JS i asked what all these APS were doing, a question of fact not one of opinion. You seem to regularly struggle with the difference. Facts are provable, opinion is a view or a judgement.

Albo has proven himself the most dishonest PM in memory, imho. Australian voters may or may not have passed judgement on that, we’ll never know. And that last statement is a fact 🙂

Penfold.
@Penfold
Ok – I understand now. You wanted me to provide a run down on what all 41,000 public servants were doing. Wow – the only come back I’ve got, is you are truly delusional.

As for “Albo has proven himself the most dishonest PM in memory, imho.”?
Yes it is your opinion, which I am free to ignore. Consider it done.

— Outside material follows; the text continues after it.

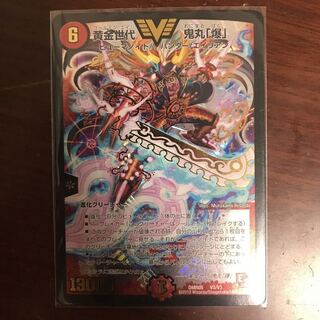 鬼丸爆 1枚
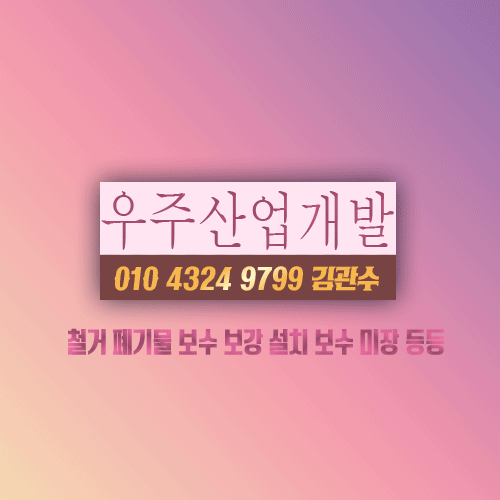 우주산업개발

While you are correct that Australians did not specifically vote on your perception of Albo’s honesty, it clearly wasn’t enough to dissuade a majority of voters – hence his party’s overwhelming victory.

Well JS as the champion of “show me the evidence”, you’ve some up a bit short on your own self-declared standards.

And if you describe that as “truly delusional”, some might argue confusing opinion as fact, or Canberra as Australia, fits that description nicely.